= Data section =
[Start of section]

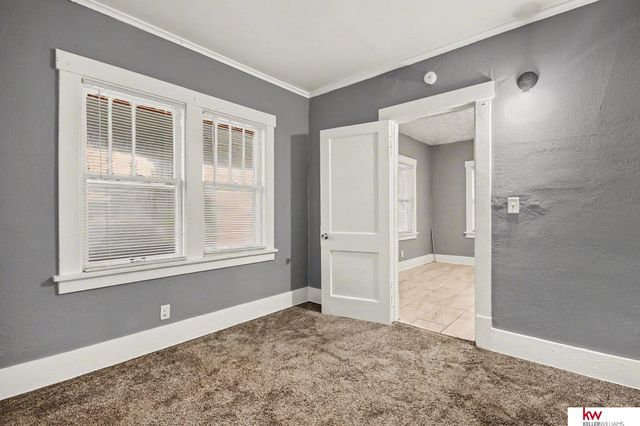 2870 Laurel Avenue, Omaha, NE 68111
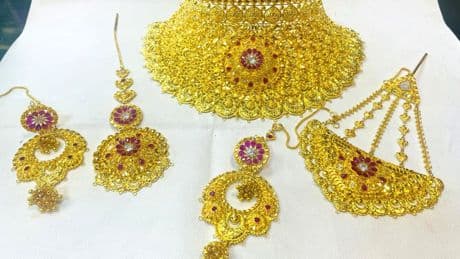 &#163;500,000 worth of gold stolen from London home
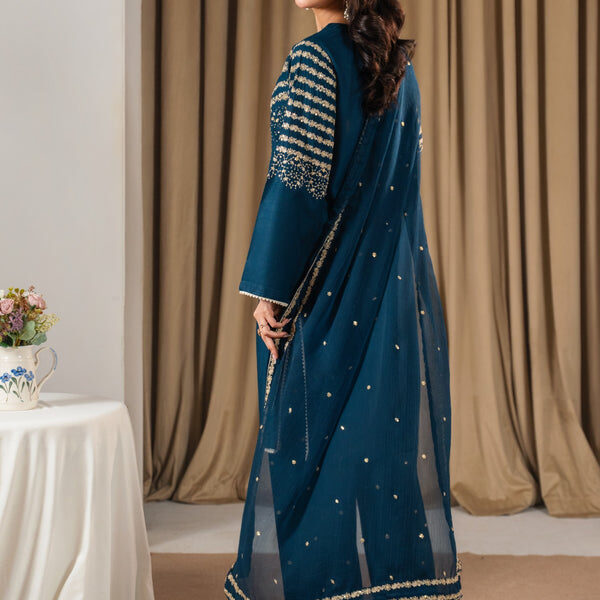 20260128182244-6b41cfbc06e14963-media_image-72e4c803c2b841e0a1d815c90446dc11 Zinc Peacock Embroidered 3PC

[End of section]

Would you print all of the material exactly as written, minus the pictures?

 2870 Laurel Avenue, Omaha, NE 68111
 &#163;500,000 worth of gold stolen from London home
 20260128182244-6b41cfbc06e14963-media_image-72e4c803c2b841e0a1d815c90446dc11 Zinc Peacock Embroidered 3PC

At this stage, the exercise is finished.